Within the listing that follows, reproduce exactly the lines starting at the line with "FORD Nouveau Kuga" and ending at the line with "Sac Cantarire Starbaits", inclusive, and only those. Pictures are dropped.

Entries provided =>
....................
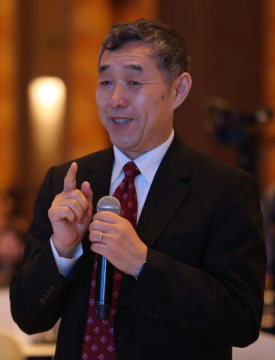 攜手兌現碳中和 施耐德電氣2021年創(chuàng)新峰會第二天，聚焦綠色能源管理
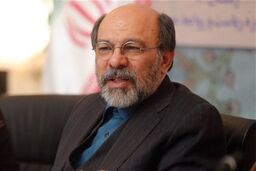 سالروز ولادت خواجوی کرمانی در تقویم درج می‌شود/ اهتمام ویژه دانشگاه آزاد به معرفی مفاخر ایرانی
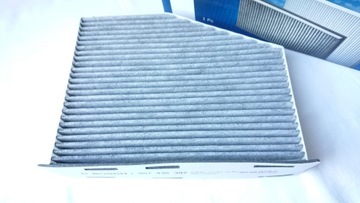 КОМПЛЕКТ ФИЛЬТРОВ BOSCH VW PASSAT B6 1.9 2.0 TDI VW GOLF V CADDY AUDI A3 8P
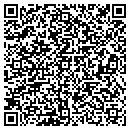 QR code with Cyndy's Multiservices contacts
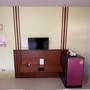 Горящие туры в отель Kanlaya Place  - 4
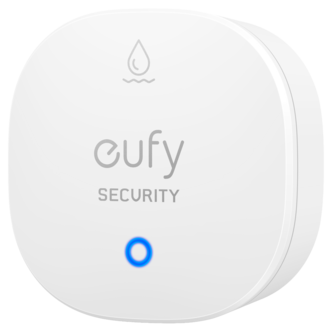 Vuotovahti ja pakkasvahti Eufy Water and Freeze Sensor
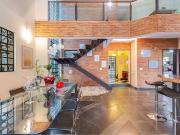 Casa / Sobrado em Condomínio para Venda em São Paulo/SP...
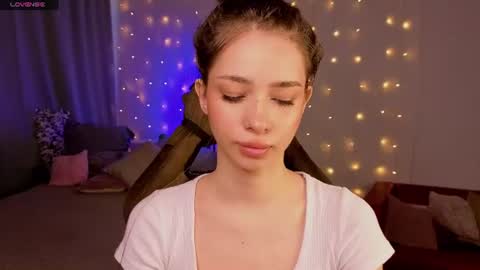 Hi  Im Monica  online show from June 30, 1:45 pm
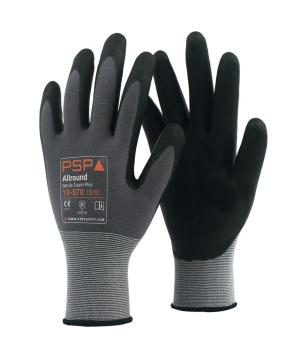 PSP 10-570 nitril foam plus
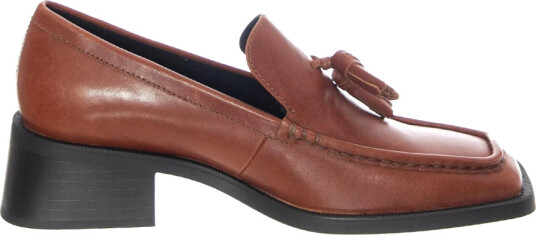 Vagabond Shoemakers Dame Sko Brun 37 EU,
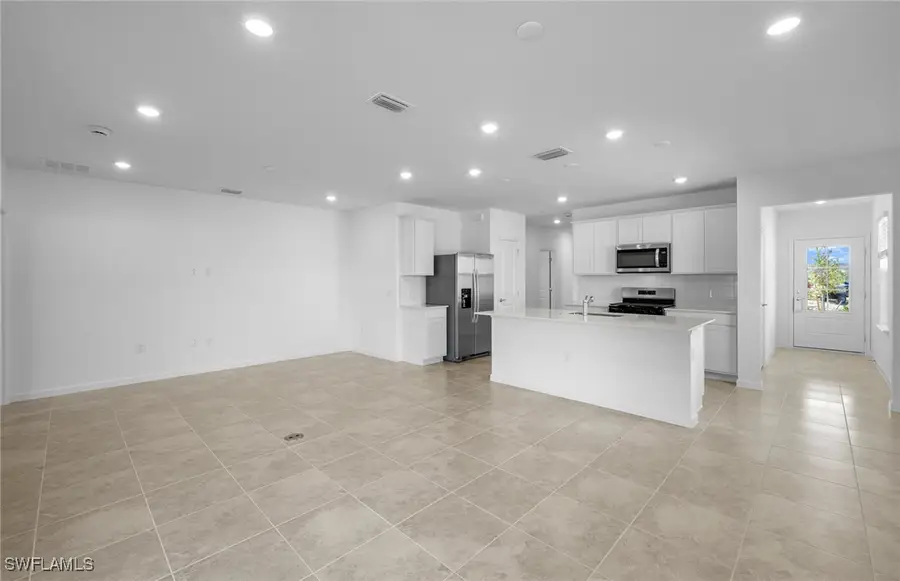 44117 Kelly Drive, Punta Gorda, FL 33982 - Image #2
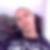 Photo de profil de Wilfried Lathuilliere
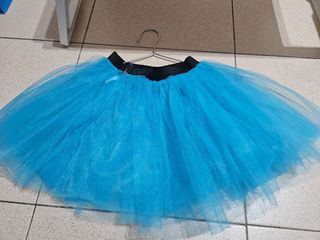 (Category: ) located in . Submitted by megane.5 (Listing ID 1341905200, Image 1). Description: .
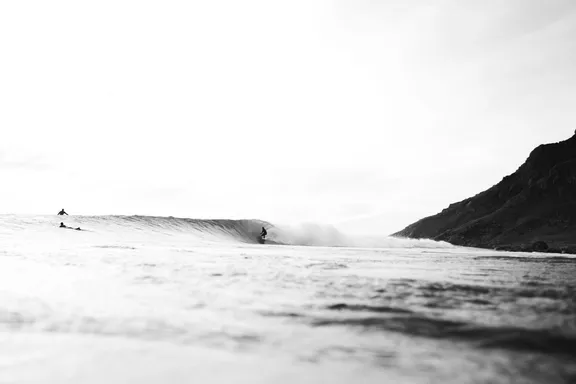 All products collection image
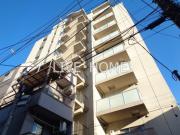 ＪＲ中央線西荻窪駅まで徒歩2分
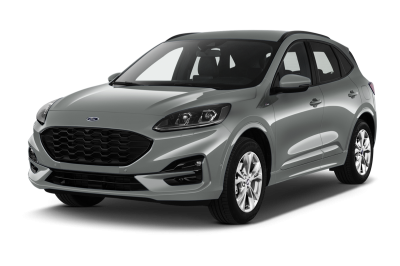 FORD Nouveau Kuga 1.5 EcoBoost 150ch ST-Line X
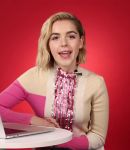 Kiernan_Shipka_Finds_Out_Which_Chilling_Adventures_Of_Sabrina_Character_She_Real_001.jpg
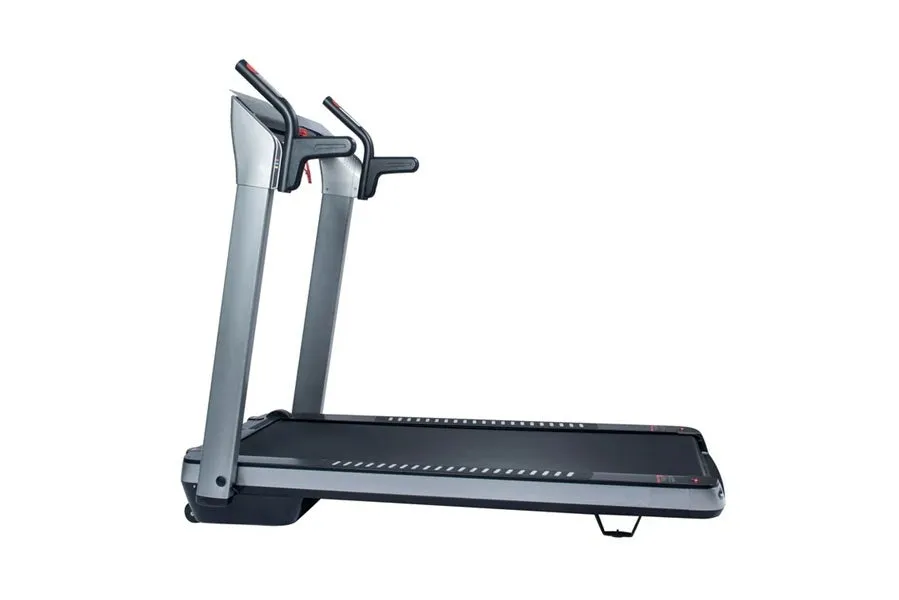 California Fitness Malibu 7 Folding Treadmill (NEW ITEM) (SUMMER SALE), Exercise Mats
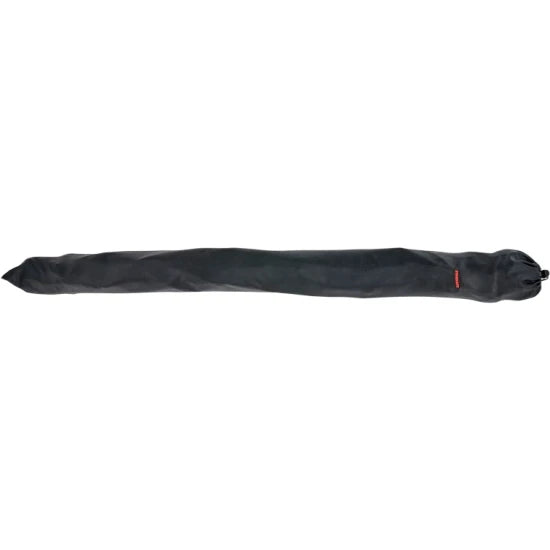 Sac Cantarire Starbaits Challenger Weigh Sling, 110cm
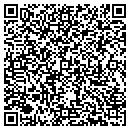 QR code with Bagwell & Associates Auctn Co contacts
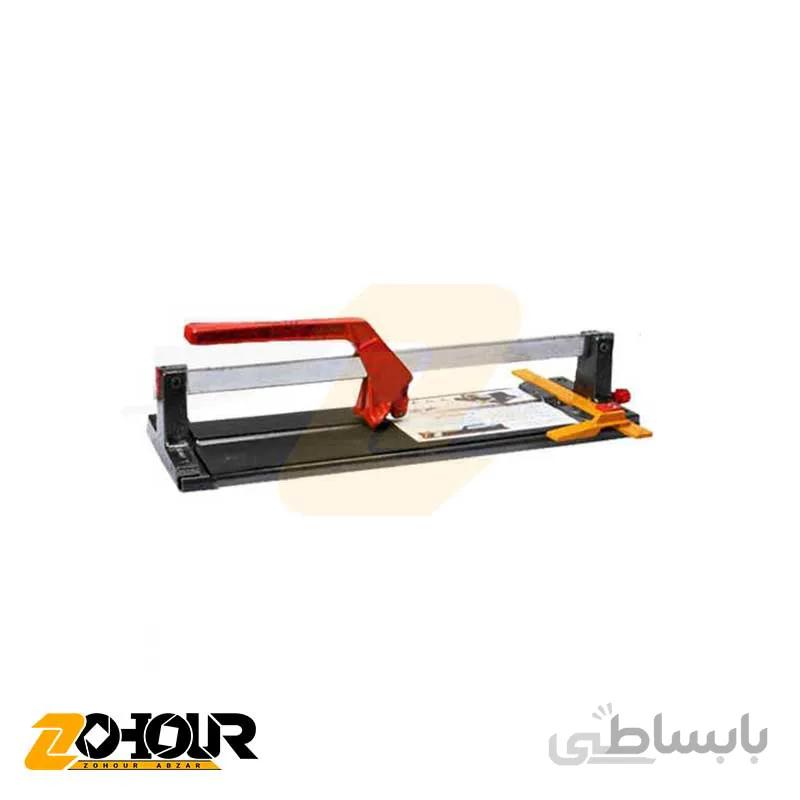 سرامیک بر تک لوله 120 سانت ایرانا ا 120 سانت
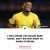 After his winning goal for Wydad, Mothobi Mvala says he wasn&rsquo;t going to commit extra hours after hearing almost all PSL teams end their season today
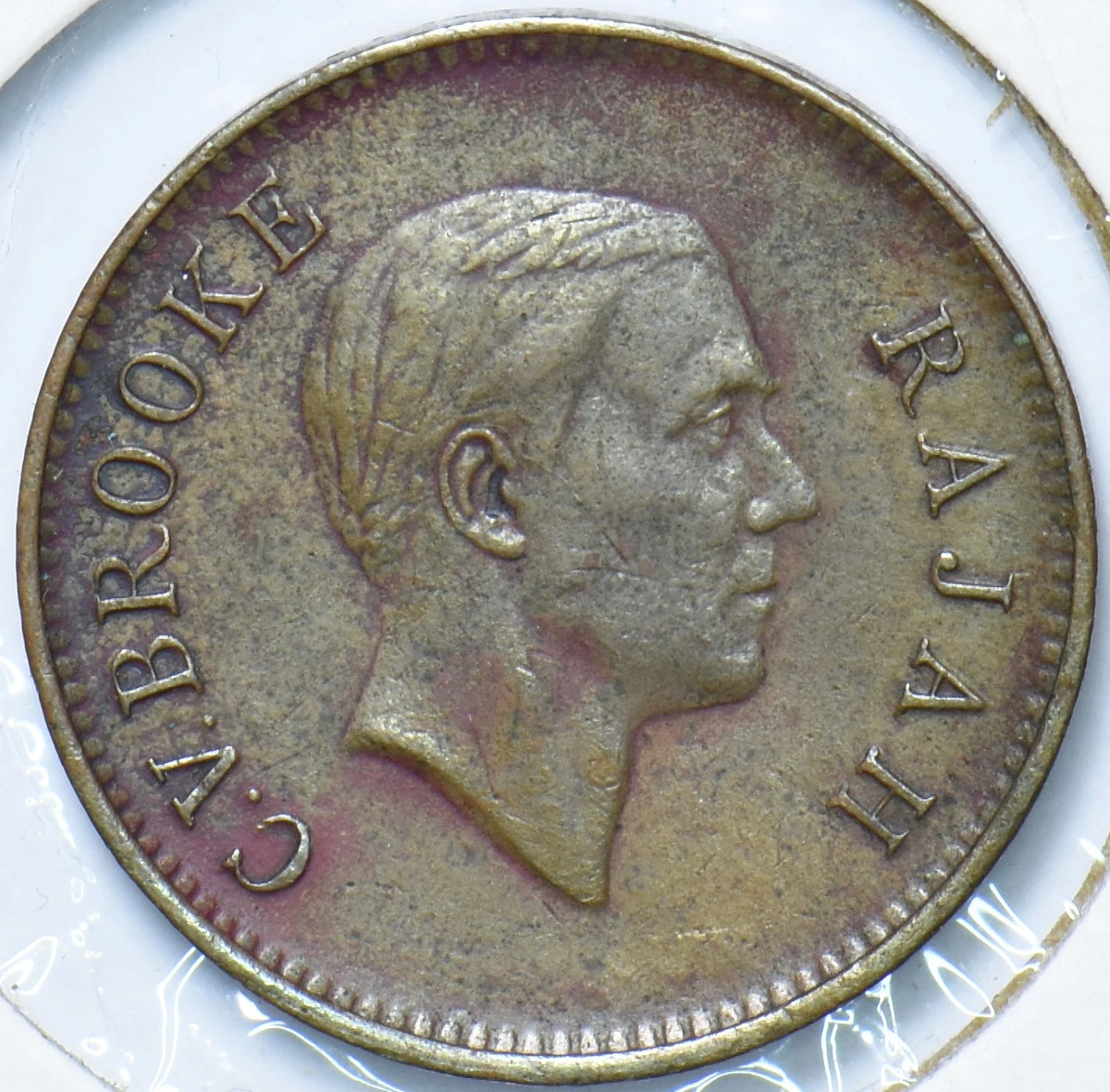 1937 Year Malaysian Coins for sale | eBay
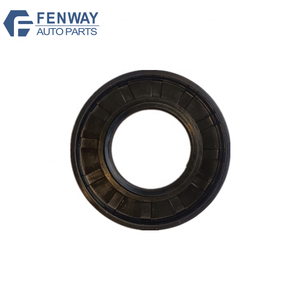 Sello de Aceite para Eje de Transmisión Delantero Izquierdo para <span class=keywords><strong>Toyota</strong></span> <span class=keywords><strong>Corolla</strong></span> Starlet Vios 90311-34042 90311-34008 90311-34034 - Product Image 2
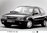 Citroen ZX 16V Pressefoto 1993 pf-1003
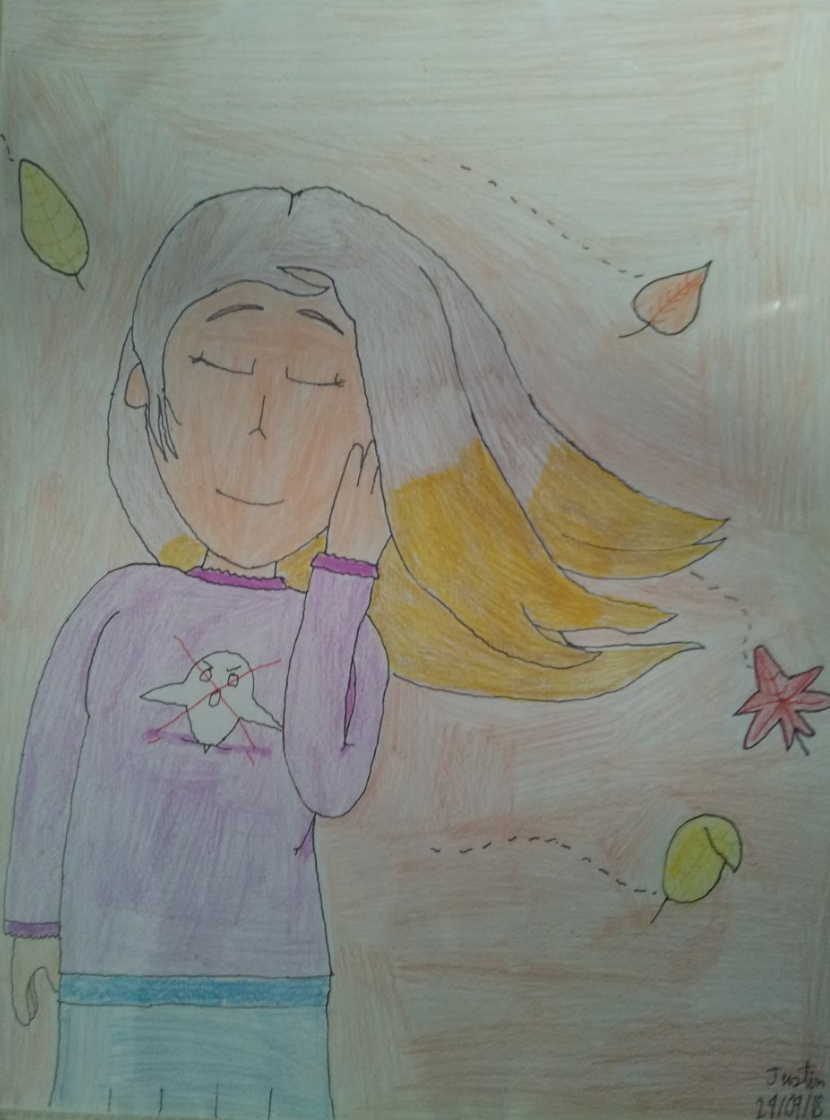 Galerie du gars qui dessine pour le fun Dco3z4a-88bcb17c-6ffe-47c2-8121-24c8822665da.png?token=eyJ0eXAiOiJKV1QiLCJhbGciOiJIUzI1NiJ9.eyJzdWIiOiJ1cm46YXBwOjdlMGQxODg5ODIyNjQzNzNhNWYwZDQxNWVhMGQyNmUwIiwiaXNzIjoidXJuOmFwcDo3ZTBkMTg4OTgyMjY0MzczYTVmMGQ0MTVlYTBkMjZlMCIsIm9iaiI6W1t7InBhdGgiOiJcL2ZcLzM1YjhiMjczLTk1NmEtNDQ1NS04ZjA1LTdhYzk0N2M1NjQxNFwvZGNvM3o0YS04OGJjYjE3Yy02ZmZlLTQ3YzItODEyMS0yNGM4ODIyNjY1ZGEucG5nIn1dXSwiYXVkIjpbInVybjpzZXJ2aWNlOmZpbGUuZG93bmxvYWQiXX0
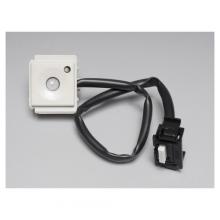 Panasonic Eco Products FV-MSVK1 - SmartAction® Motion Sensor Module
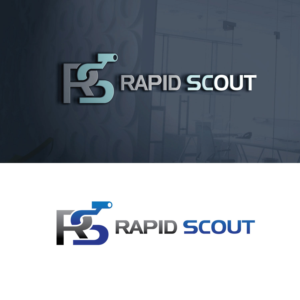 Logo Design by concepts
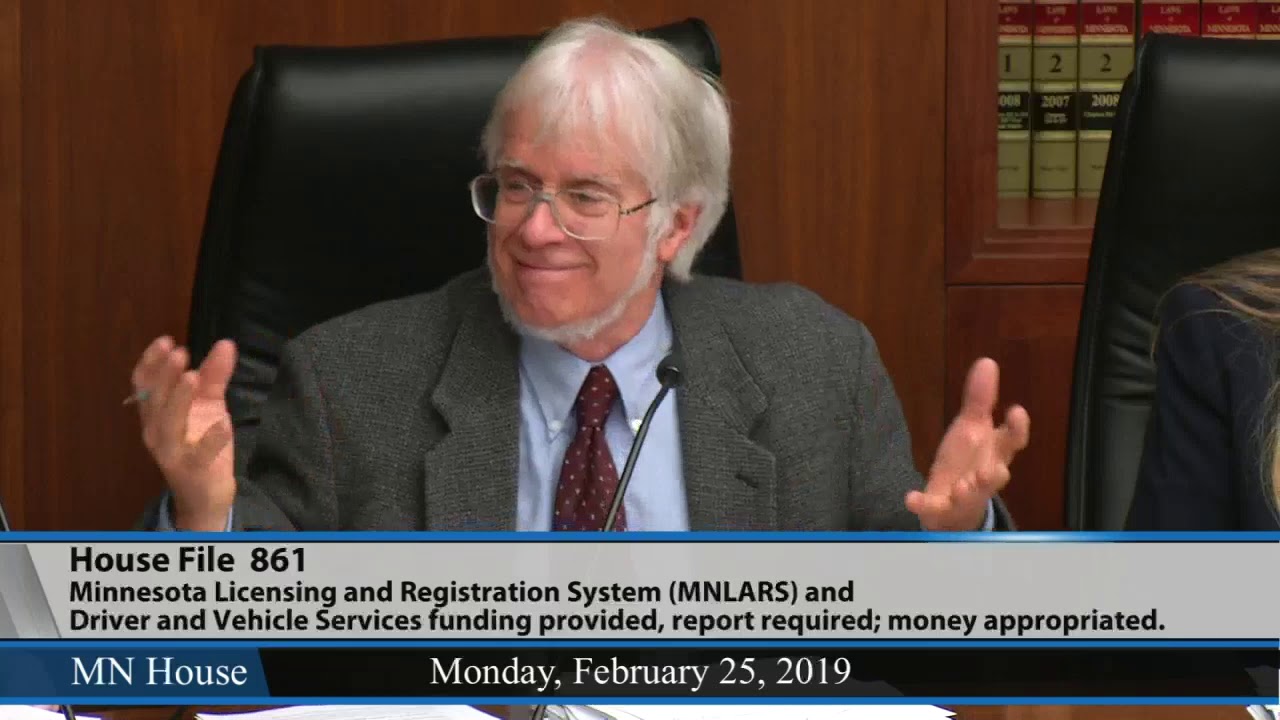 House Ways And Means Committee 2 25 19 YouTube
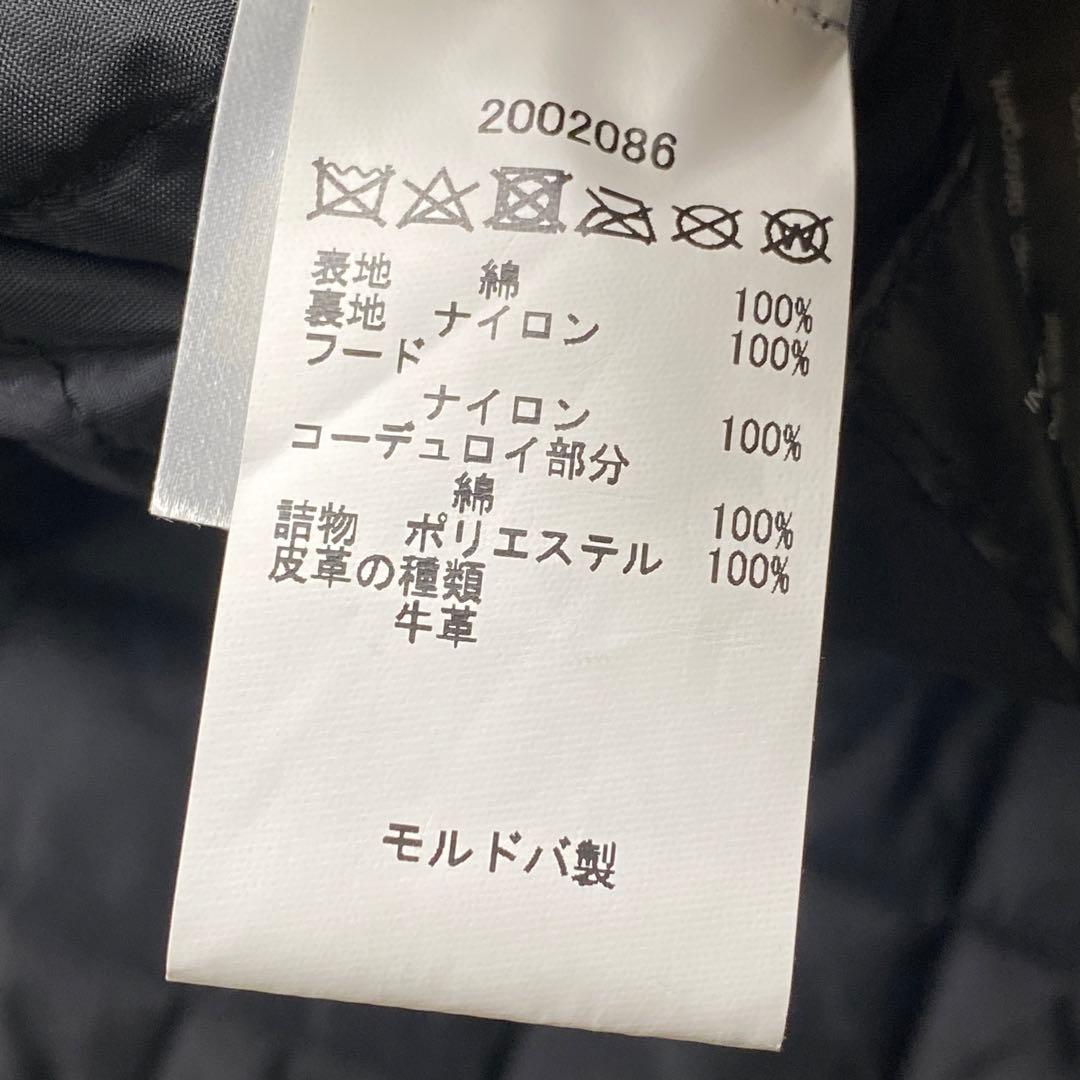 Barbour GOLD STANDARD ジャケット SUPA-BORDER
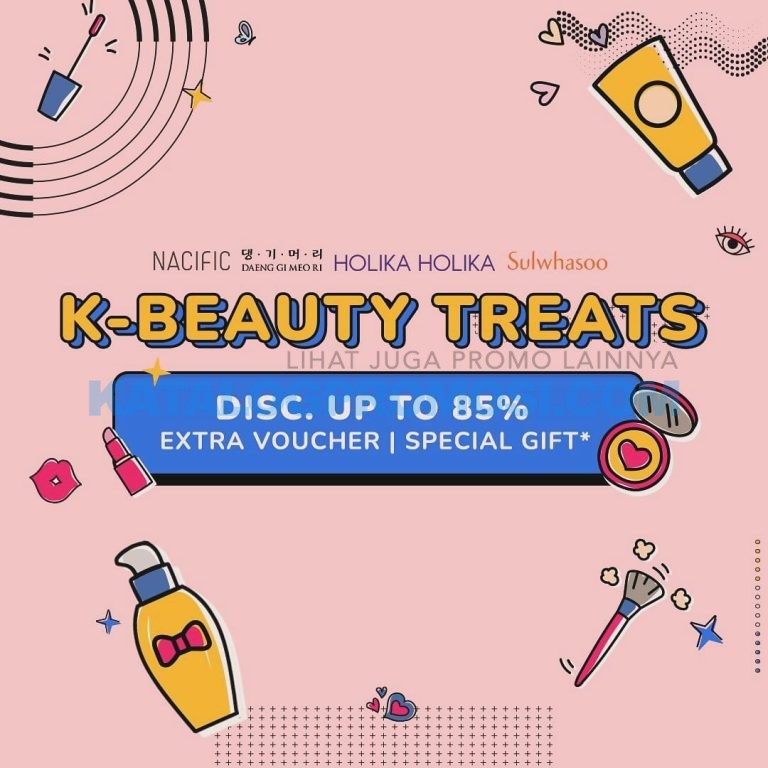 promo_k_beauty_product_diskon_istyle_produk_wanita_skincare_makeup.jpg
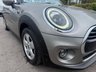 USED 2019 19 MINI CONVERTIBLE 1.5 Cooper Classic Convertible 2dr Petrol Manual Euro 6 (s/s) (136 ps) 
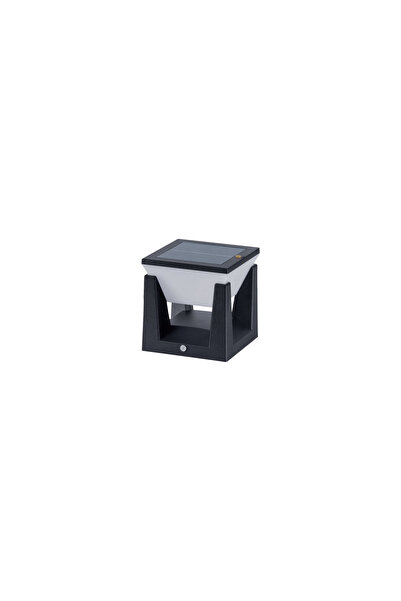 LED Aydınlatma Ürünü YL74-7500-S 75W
....................
Your response =>
 FORD Nouveau Kuga 1.5 EcoBoost 150ch ST-Line X
 Kiernan_Shipka_Finds_Out_Which_Chilling_Adventures_Of_Sabrina_Character_She_Real_001.jpg
 California Fitness Malibu 7 Folding Treadmill (NEW ITEM) (SUMMER SALE), Exercise Mats
 Sac Cantarire Starbaits Challenger Weigh Sling, 110cm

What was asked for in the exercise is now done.